# itzDirty Special



## Rich Cronk (Feb 24, 2010)

This is a howler that I started building last night. He wanted a howler like the one I recently built for Prairie Wolf. The horn I had in stock wasn't EXACTLY like Prairiewolf's, but make no mistake, it is a real coyote calling machine. Most men who call coyotes do not understand that coyotes will often approach the howls of a stranger in their territory. This howler is very loud, and sounds very real. The puppy squeals that this howler can produce are also very realistic. Puppy distress sounds are really another prey distress to the ears of coyotes and other predators, so the sound works well all year around. Puppy squeals are a double whammy at this time of the year because the sound triggers protective instinct of dominant Mom and Pop coyote.

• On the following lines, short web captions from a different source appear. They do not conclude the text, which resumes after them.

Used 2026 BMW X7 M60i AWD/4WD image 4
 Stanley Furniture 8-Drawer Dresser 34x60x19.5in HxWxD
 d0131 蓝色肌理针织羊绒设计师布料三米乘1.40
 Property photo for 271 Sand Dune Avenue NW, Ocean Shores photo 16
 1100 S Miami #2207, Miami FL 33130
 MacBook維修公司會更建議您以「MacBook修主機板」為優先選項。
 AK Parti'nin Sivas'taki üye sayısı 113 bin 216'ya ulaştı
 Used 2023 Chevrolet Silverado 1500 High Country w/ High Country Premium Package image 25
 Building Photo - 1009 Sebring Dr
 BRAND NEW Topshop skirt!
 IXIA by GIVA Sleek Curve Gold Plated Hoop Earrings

I will record a sound file or two a bit later and post them here.


----------



## youngdon (Mar 10, 2010)

Sweet ! That's another nice piece of work Sir. Beautiful horn too !


----------



## Rich Cronk (Feb 24, 2010)

Here are three recordings that I just now made with the itzDirty Special.


----------



## prairiewolf (Feb 19, 2012)

Very nice Rich, and your right on this is a good time to howl and use pup distress. Keep it simple and you will be surprised. Congrats Rick on your new howler, I pitty the wife and anyone in the household for a little while. LOL


----------



## Rick Howard (Feb 25, 2012)

LOL my wife has gotten use to me. It is my my neighbors that think I am nuts! Thanks Rich. It looks and sounds amazing. I am very excited. October can not get here soon enough!


----------



## 220swift (Mar 2, 2011)

Rich, looks very, very nice and real familar.....


----------



## Ruger (Jan 22, 2011)

Beautiful looking call.


----------



## bones44 (Jan 7, 2011)

Great job sir ! I was just driving my lab crazy with the pup distress sound. Pretty funny.


----------



## hassell (Feb 9, 2010)

Some more fine work.


----------



## Rich Cronk (Feb 24, 2010)

Stonegod said:


> As usual......beautiful work!!!


--------------------------------------------
Stonegod,
I left a little bit of Skoal snuff stain under the reed of itzDiry's call, but don't tell him.


----------



## prairiewolf (Feb 19, 2012)

*Now you got me checking mine! LOL*


----------



## Rick Howard (Feb 25, 2012)

It better be Straight Skoal Rich! Tobacco Flavored tobacco for me please. LOL


----------



## Rick Howard (Feb 25, 2012)

I got my call yesterday! The sound is awesome, the look is great, and the volume is high! Thanks Rich. I can not wait to get out this year. As Ed (prairiewold) said. If you don't have one of Rich's horn howlers..... you are missing out.


----------